In a move that could considerably widen the distribution network for mutual funds, Securities and Exchange Board of India (SEBI) on Friday allowed registered stockbrokers to transact mutual fund units on behalf of their clients through the stock exchange mechanism.
The infrastructure that already exists for the secondary market transaction through the stock exchanges with its reach over 1,500 towns and cities, through over two lakh stock exchange terminals can be used for facilitating transactions in mutual fund schemes, the SEBI circular said.
Stockbrokers will be eligible to be considered as official points of acceptance, the circular said. These stockbrokers need to pass AMFIs (Association of Mutual Funds in India) certification examination, and become empanelled distributors.
Every mutual fund has to disclose the locations of its official points of acceptance in its offer documents and Web sites.
Selling through the stock exchange mechanism basically means an additional order routing system for buying or selling mutual fund schemes; there is no price discovery, said a senior official at a transfer agents office.
End-users can use the convenience of their neighbouring brokers office for their mutual fund transactions, said Mayank Shah, CEO of Anagram Stock broking.
Whether brokers can charge a fee for the service or not is unclear. But Shah felt a fee structure would evolve once the system is in place.
This issue must be seen in the light of SEBI abolishing the entry load on mutual fund investments for distributors, starting August 1. This affected distributor income as well as inflows into equity schemes.

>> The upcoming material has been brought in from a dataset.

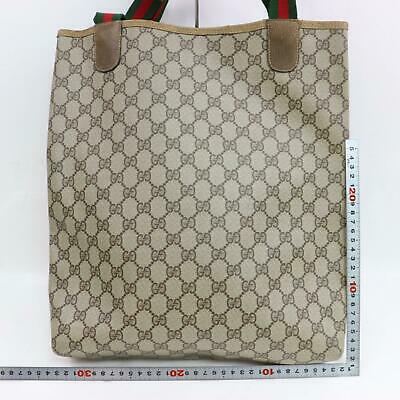 Indistinguishable  G*G Tote Bag Brown PVC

Currently investors roughly pay 1.25% as commission to distributors; 0.75% is upfront commission and the rest in the form of trail commission (when an investor remains invested in his fund).
Once the broker starts acting as a distributor, there is an issue about what commission he might ask for and whether the client would be ready to pay that or not, said a broker.
The SEBI circular on Friday also said that investors can hold units of mutual fund schemes in dematerialised form, and that the demat statement given by the depository participants would be deemed adequate compliance with SEBI norms.
Further, the stock exchanges should provide for an investor grievance handling mechanism to handle disputes between brokers and their clients. The time-stamping for transactions would be in the form of a confirmation slip issued through the stock exchange mechanism. The markets regulator has asked the stock exchanges to provide detailed operating guidelines for facilitating transaction in mutual funds on their platform by their member-brokers.